If I’m not wrong, when I read the question, it’s quite clear that the insertion in DB should not block the caller process. So I am not sure your pooling solution with the indefinitely wait will work.

I like the Batching solution! What about using GenStage beside building a pool of GenServer for building this feature?

slashdotdash · February 15, 2019, 4:02pm

Have you considered using a purpose built event store, such as Greg Young’s Event Store?

“Store at around 15,000 writes per second and 50,000 reads per second!”
– https://eventstore.org/

I’ve written an Elixir Event Store using Postgres for persistence. The performance when running the benchmark suite on my laptop is 4,929 events/sec for a single writer and 8,586 events/sec for 50 concurrent writers.

To persist events without blocking you could do:

Task.start(fn ->
  EventStore.append_to_stream(stream_uuid, :any_version, events, :infinity)
end)

Alternatively you could send the GenServer process a message to store the events outside of the request:

defmodule Work do
  use GenServer

  def handle_call(...) do
    send(self(), {:persist_events, events})
    # ...
  end

  def handle_info({:persist_events, events}, state) do
    EventStore.append_to_stream(stream_uuid, :any_version, events, :infinity)
    # ...
  end
end

You could even use an approach with two GenServers. One to accept requests (e.g. store these events) which forwards the request to a second process to actually persist them to the event store. This allows the first GenServer to immediately reply without any blocking as it is offloading the work to another process.

How do you deal with storing events when the database is inaccessible? You could push them onto a queue and have one or more consumers taking events from the queue and writing them to the event store. However the same problem applies when the queue is unavailable.

Ciboulette · February 15, 2019, 4:18pm

Interesting!

By using your implementation with:

Task.start(fn ->
  EventStore.append_to_stream(stream_uuid, :any_version, events, :infinity)
end)

You will inevitably spawn thousands/ hundred thousand of processes depending the number of caller processes. I think the second one is more controllable! WDYT?

alvises · February 15, 2019, 4:27pm

If you can’t loose any event (but you don’t need realtime) and the spikes can cause timeouts, I would put something like RabbitMQ or Kafka between the application and the database.

app – event–> kafka/rabbit —> event importer --> postgres

Rabbit/Kafka should handle much better the spikes and they could act as a durable buffer. If the importer (which takes the events from rabbit/kafka and stores them into postgres) has any timeout and crashes, or even if postgres locks, the event is not lost and will be reprocessed once the importer or postgres is healthy again.

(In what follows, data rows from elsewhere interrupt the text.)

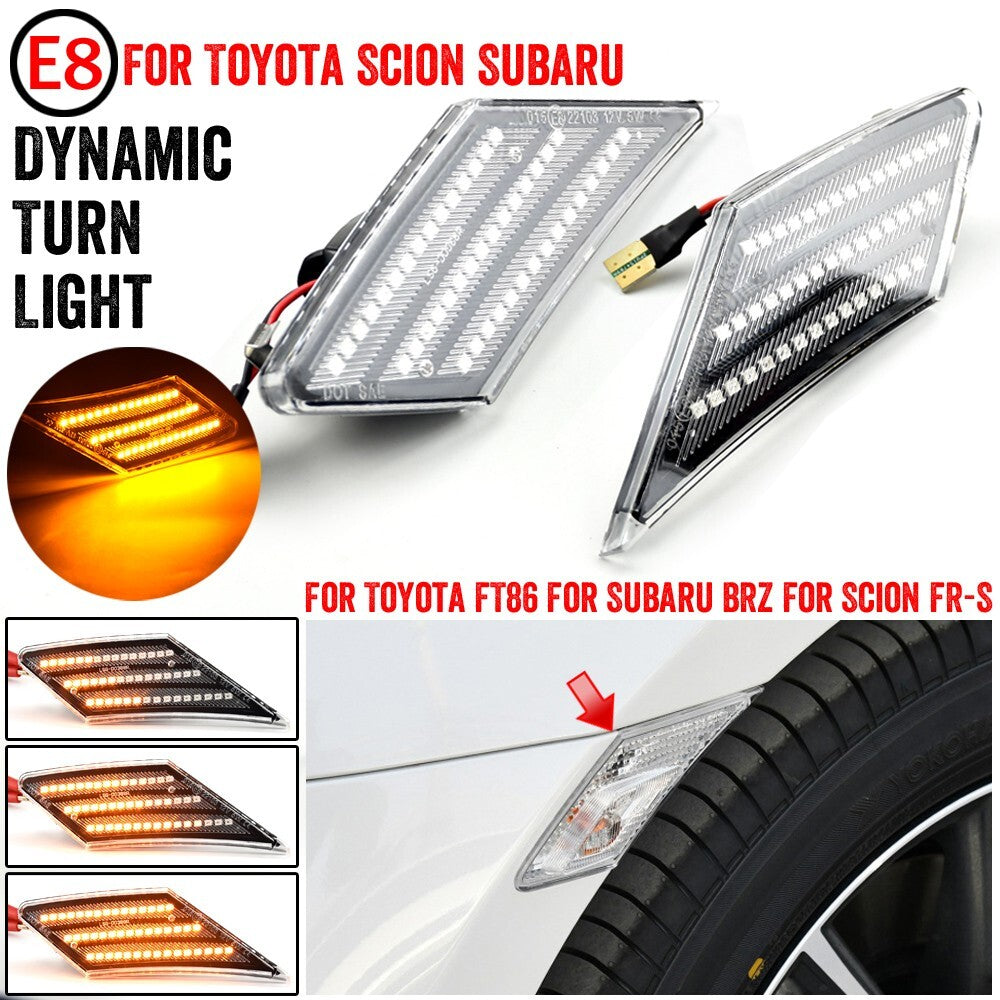 Dynamic Side Marker Turn Light for Toyota FT86 for Subaru BRZ for Scion -S 2013-2019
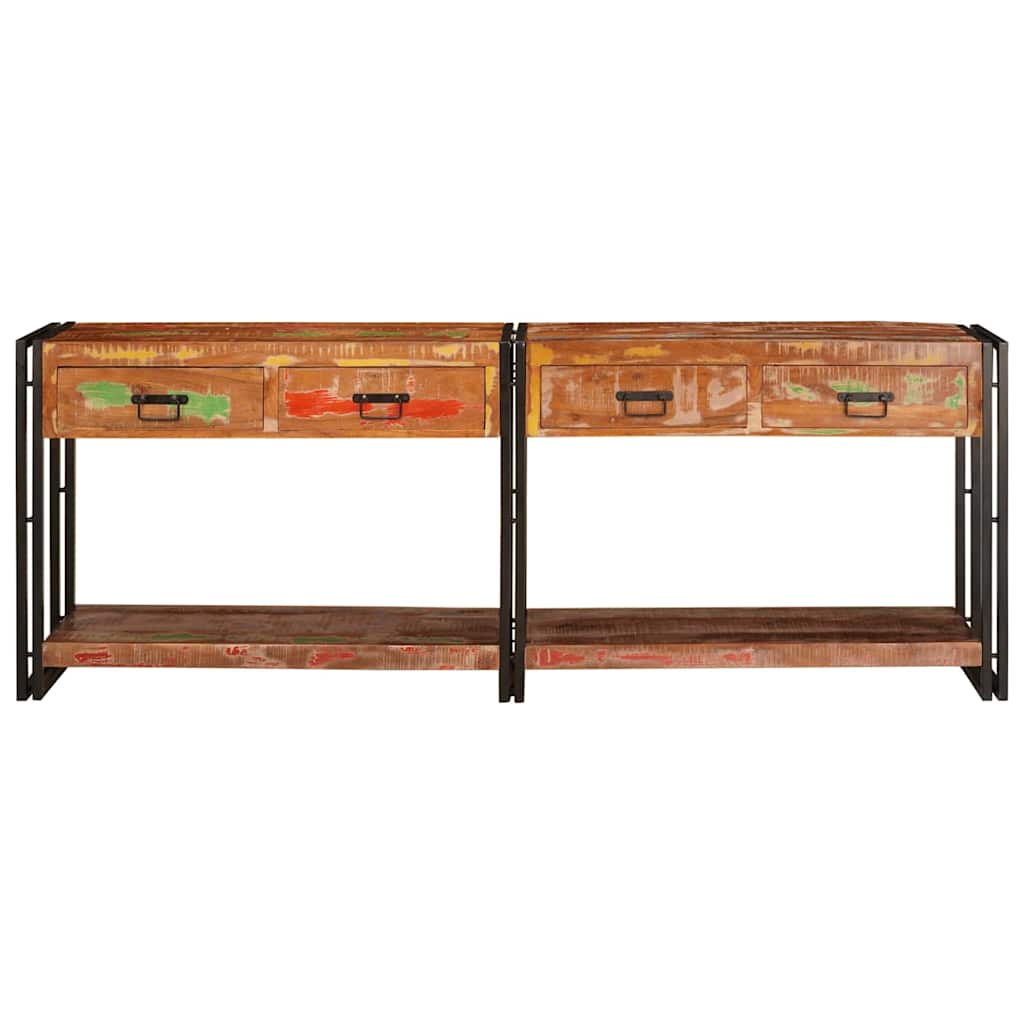 Console Tables with Drawer with Shelf Other 2 pcs Multicolour Solid Reclaim wood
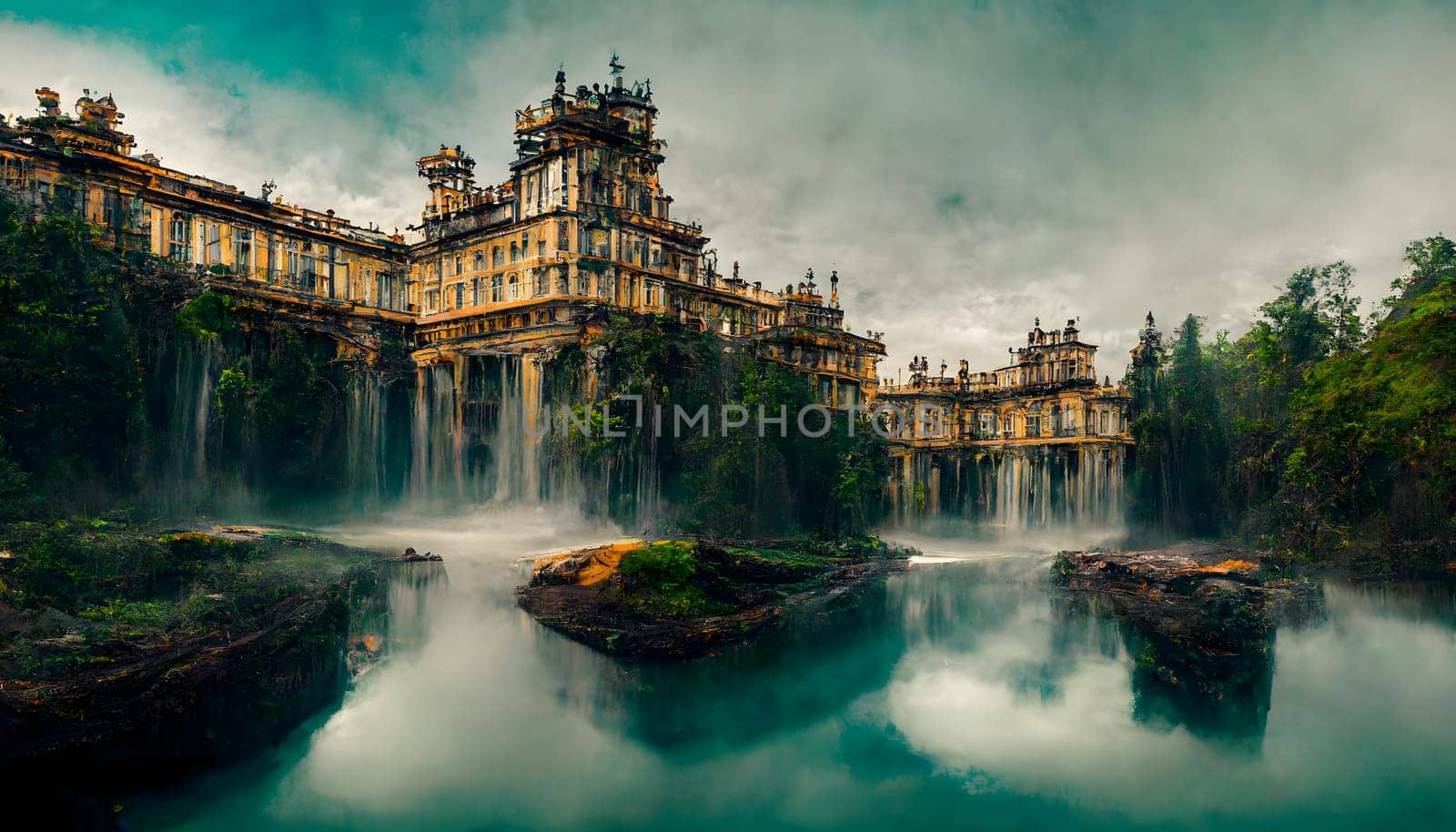 fantasy neo-baroque buildings on green lake with waterfalls, neural network generated art by z1b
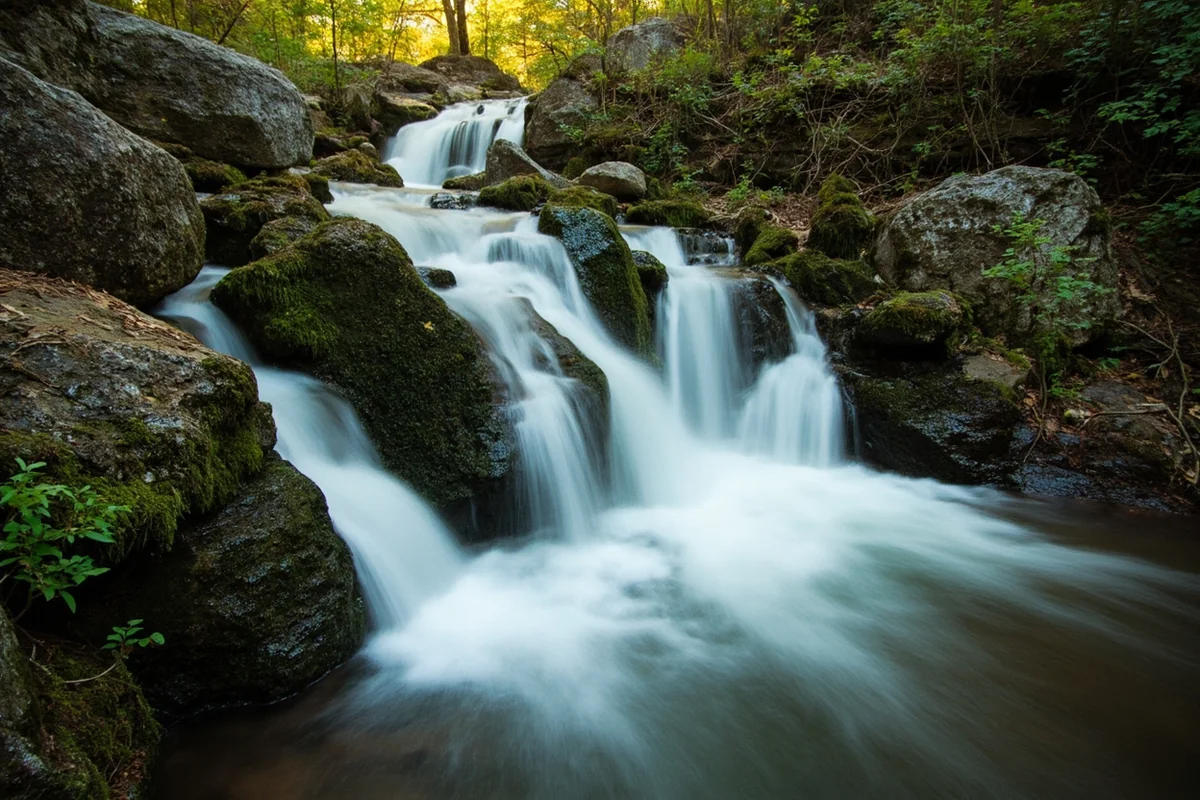 Close-up of Little North Fork Falls main cascade with moss-covered rocks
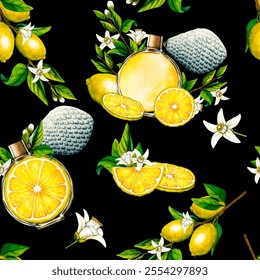 Watercolor seamless pattern lemon white flowers, tree branch, slice and floral perfume bottle. Hand drawn botanical illustration of yellow citrus fruits, aroma spray on black background for design - Powered by Shutterstock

slashdotdash · February 15, 2019, 4:30pm

Depends whether it’s better to have thousands of processes doing one thing, or one process with a mailbox containing thousands of messages. The only way to reliably answer that question is to try both and benchmark the performance.

Fl4m3Ph03n1x · February 15, 2019, 4:36pm

Great observation. In our production code we actually go around this issue by making our main process create a child that does all the work:

asks for a worker
gives the worker a job to do
waits for a response and logs results

We use Task.start because of two reasons:

We don’t care if the child succeeds or not, this will be logged
We don’t want our main process to crash or handle extra work merely because 1 of it’s 1000 children has failed to get a worker and died

Your millage may vary

As for GenStage I would probably discard it and move directly to Flow which has a backpressure mechanism integrated to make sure no one is getting overwhelmed and uses GenStage on the background. Basically it would keep you from re-inventing the wheel.

Yes. And that is not an issue. You mentioned you do up to 2000 ops/sec. Assuming that a single DB write takes 3 seconds to save (which is a long time) you would have a top of 6000 Tasks active at any given second. Hell, let’s go crazy and say that thanks to some overhead you would have 10_000 Tasks (let’s say the cost of creating and killing Tasks is high). At this rate, you would be using less than 7% of the total number of process you can create with Elixir (and I am being evil, because the numbers would be lower iirc).

Not a problem basically, the way I see it.